§ Data in this exercise

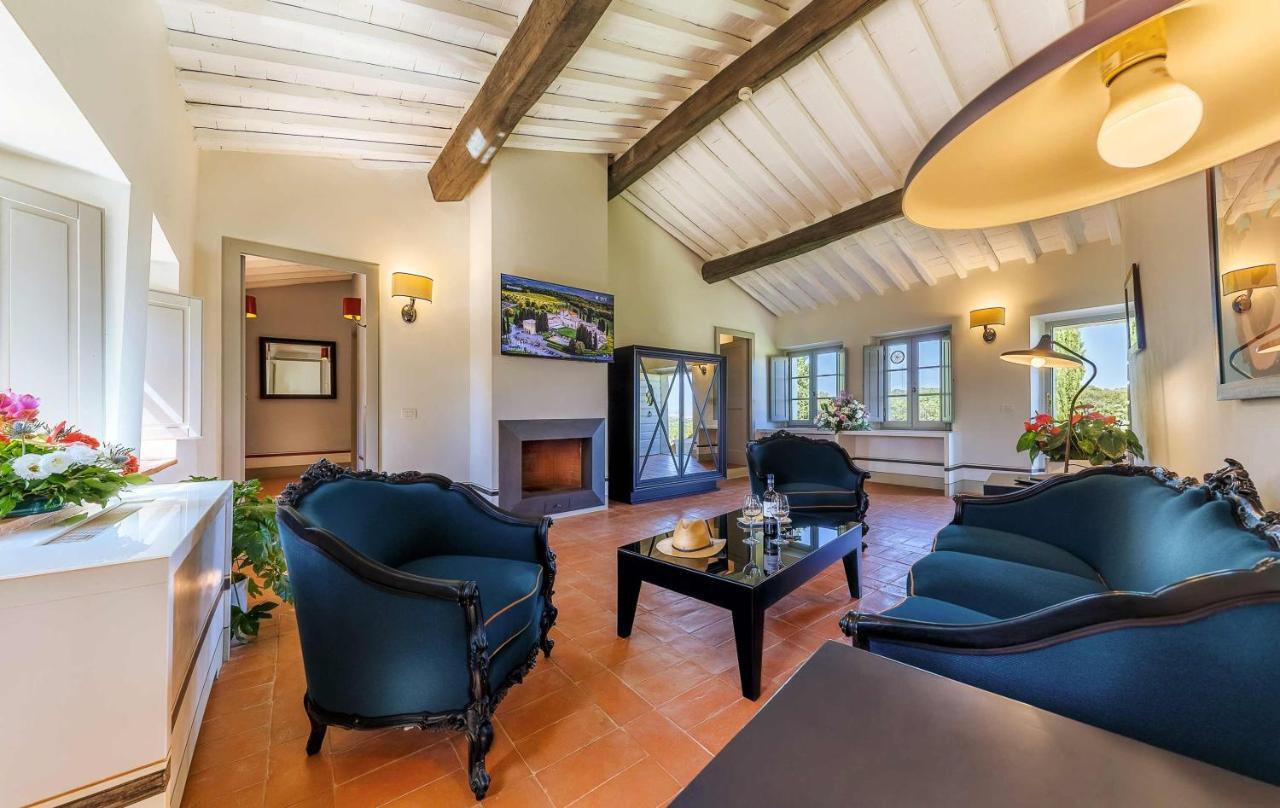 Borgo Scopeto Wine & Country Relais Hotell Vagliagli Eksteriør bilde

---

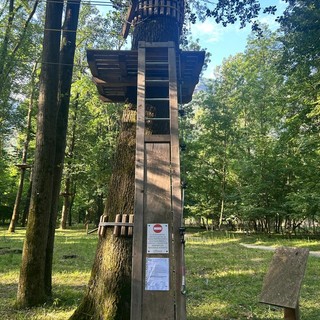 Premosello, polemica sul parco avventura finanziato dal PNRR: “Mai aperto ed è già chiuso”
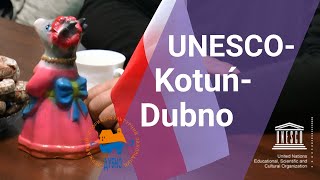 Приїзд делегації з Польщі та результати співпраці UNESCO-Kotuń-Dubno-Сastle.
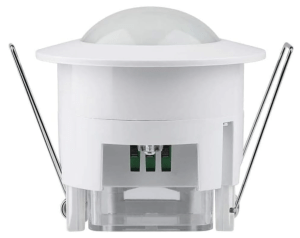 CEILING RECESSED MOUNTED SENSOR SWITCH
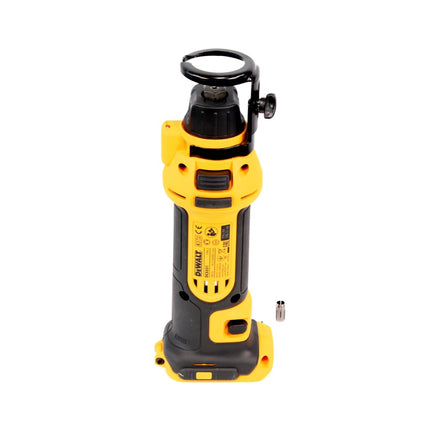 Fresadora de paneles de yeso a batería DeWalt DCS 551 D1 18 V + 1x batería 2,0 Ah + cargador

§ Work order
Reproduce the data above exactly, but only from the line containing "CEILING RECESSED MOUNTED SENSOR SWITCH" through the line containing "Fresadora de paneles"; skip the pictures.

§ Solution to the exercise
 CEILING RECESSED MOUNTED SENSOR SWITCH
 Fresadora de paneles de yeso a batería DeWalt DCS 551 D1 18 V + 1x batería 2,0 Ah + cargador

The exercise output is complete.